Former diplomat to Kosovo urges ethnic tolerance

By MERITA DHIMGJOKA - The Nando Times, Nov. 03, 1999

PRISTINA, Yugoslavia (November 3, 1999 9:59 a.m. EST - The international organization assigned to rebuilding civilian life in Kosovo warned Wednesday that the wave of ethnic retaliation against Serbs and other minorities in the province could dissuade potential donors from funding reconstruction.

"The population of Kosovo and their leaders must understand that this violence jeopardizes the international reputation and the standing of Kosovo," said a statement by the 54-nation Organization for Security and Cooperation in Europe. "It's likely to affect donors' sympathy and support at a time when important donor meetings are coming up."
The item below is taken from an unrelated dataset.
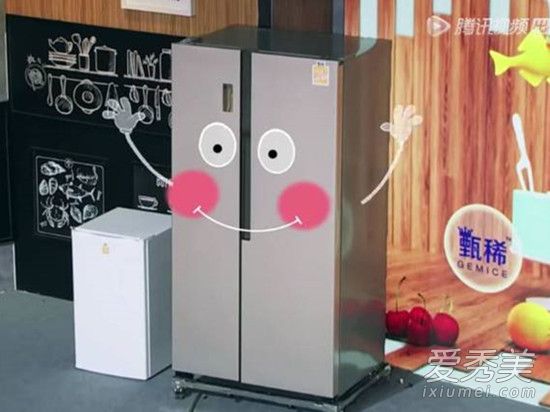 戚薇冰箱放香水是怎么回事 戚薇为什么在冰箱放香水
The OSCE is responsible for helping to restore aspects of daily life in Kosovo, from training the new multiethnic police corps to assisting in the running of municipal administrations.
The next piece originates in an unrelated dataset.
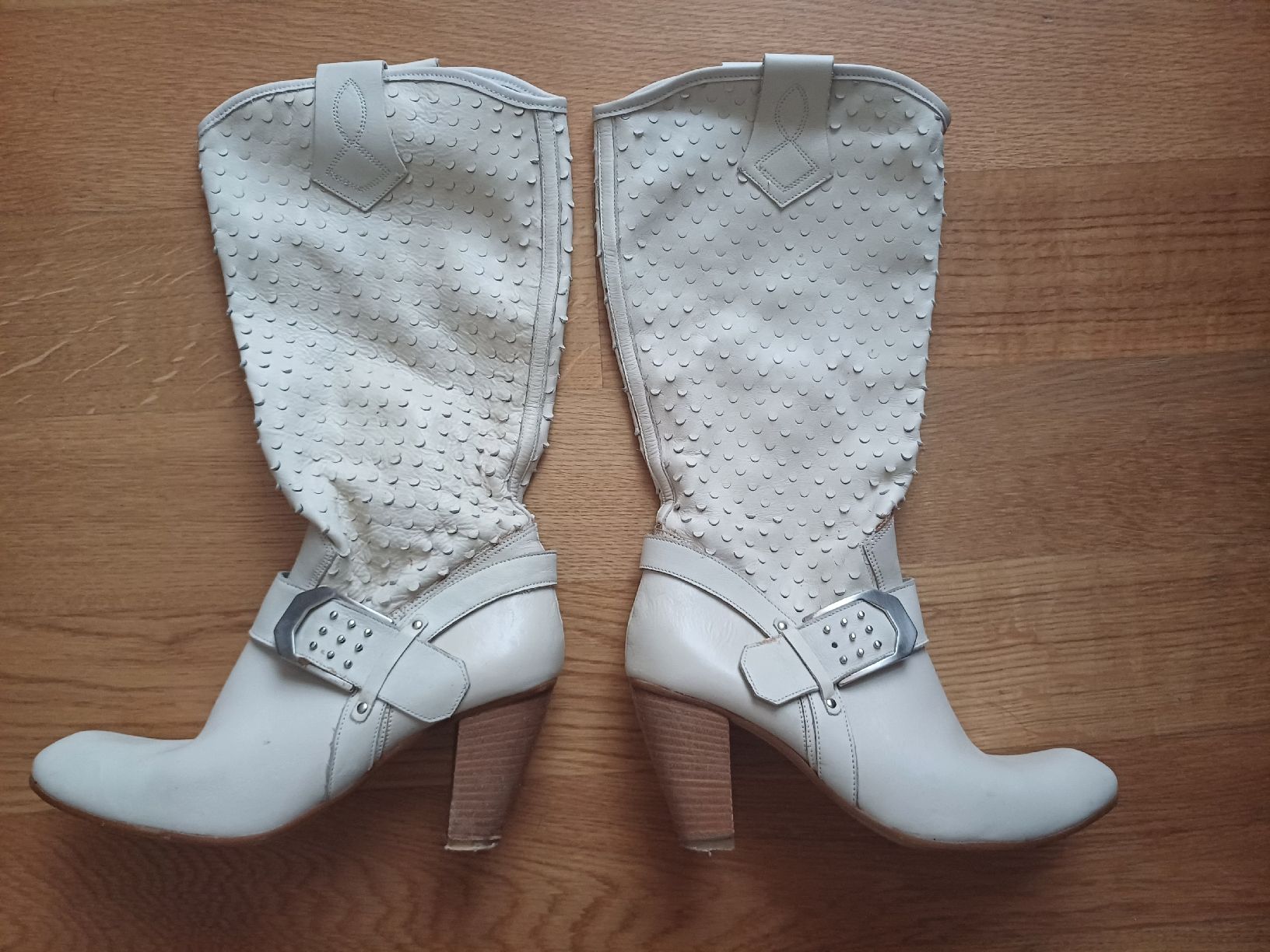 Chaussures femmes: Bottes en cuir 37, Joi – D'occasion à Boudry par JulieG13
Violence has persisted in Kosovo despite the presence of the international peacekeeping force which arrived in June after Yugoslav President Slobodan Milosevic pulled his troops out to stop NATO's 78-day bombing campaign.
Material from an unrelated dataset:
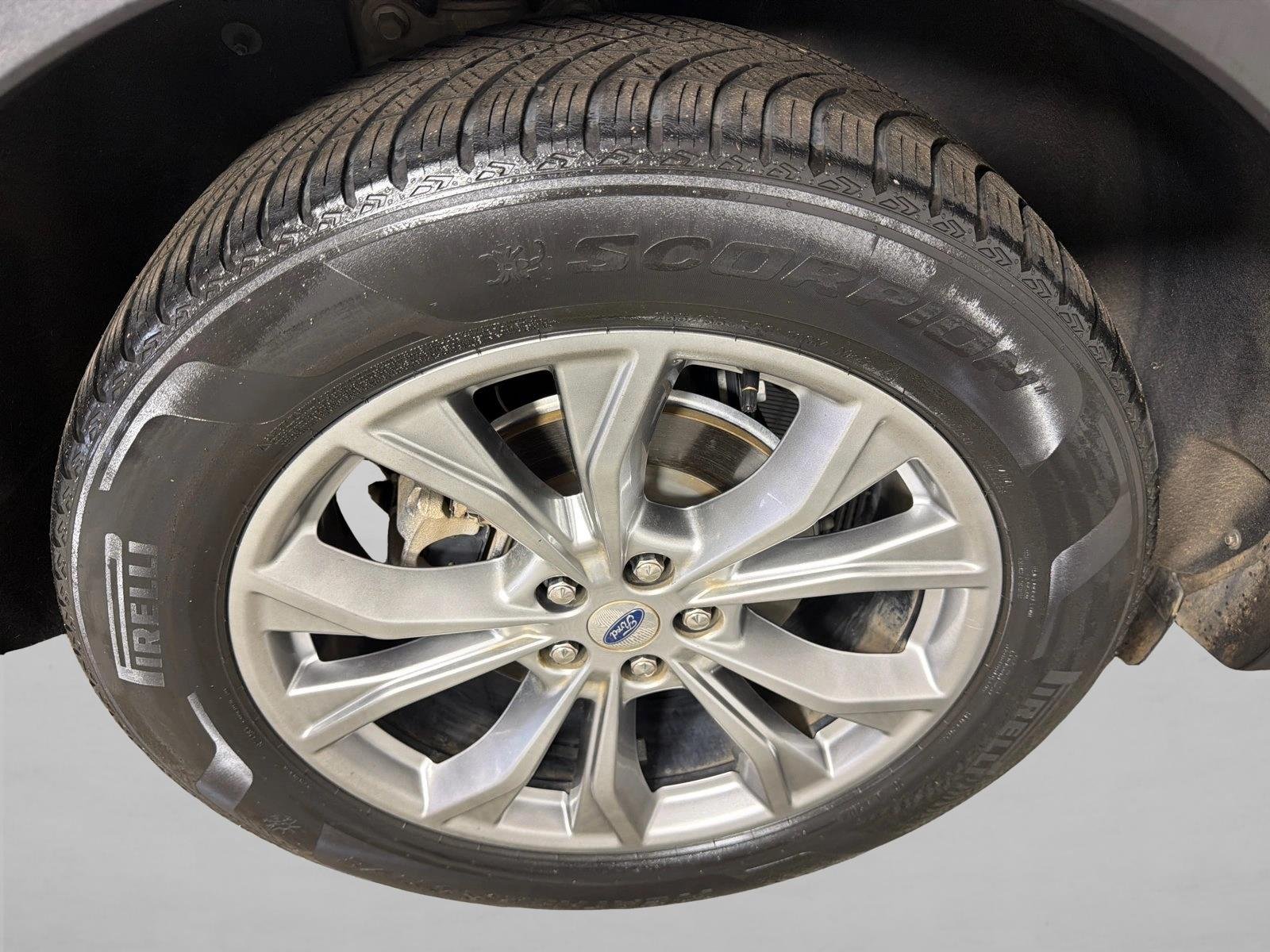 Used 2020 Silver Spruce Metallic Ford Limited image 18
The OSCE statement also said, "The international community did intervene in Kosovo to protect human rights and not to pave the way for a new wave of ethnic harassment and violence."

William Walker, the U.S. diplomat who headed the European monitoring mission in Kosovo that tried to keep a lid on tensions before the NATO bombing began, on Tuesday also condemned anti-Serb attacks.

"People are starting to say that: 'Hey, we're going back to more or less the same (problem) as before,'" said Walker, who was invited by ethnic Albanian leaders.

Walker compared the attacks on Serbs to those on Albanians that led to NATO's intervention, and said they play "into the hands of Milosevic."

Milosevic has accused international peacekeepers of failing to protect Serb civilians in Kosovo.

Walker was to be made an honorary "citizen" of the province by prominent ethnic Albanians later Wednesday.

He also was expected to visit the village of Racak, where Serb forces killed 43 Albanians last January, two months before NATO launched airstrikes against Yugoslavia.

More than anything, Walker's popularity with Kosovo's Albanians rests on his condemnation of the Racak massacre, which hastened NATO intervention, and he was expected to repeat his call for ethnic tolerance while visiting the village.

Also Wednesday, officials of the NATO-led force said that a 69-year-old Serb woman was found shot to death in western Kosovo village of Donji Streoc near Decani and investigations were underway.

In the village of Strezovce north of Kamenica in eastern Kosovo, Russian peacekeepers detained ten Serbs for illegal possession of weapons.

During a search operation, the Russians confiscated six AK-47s, seven rifles, two shotguns, three machine-guns, six pistols, two hand grenades and a bayonet.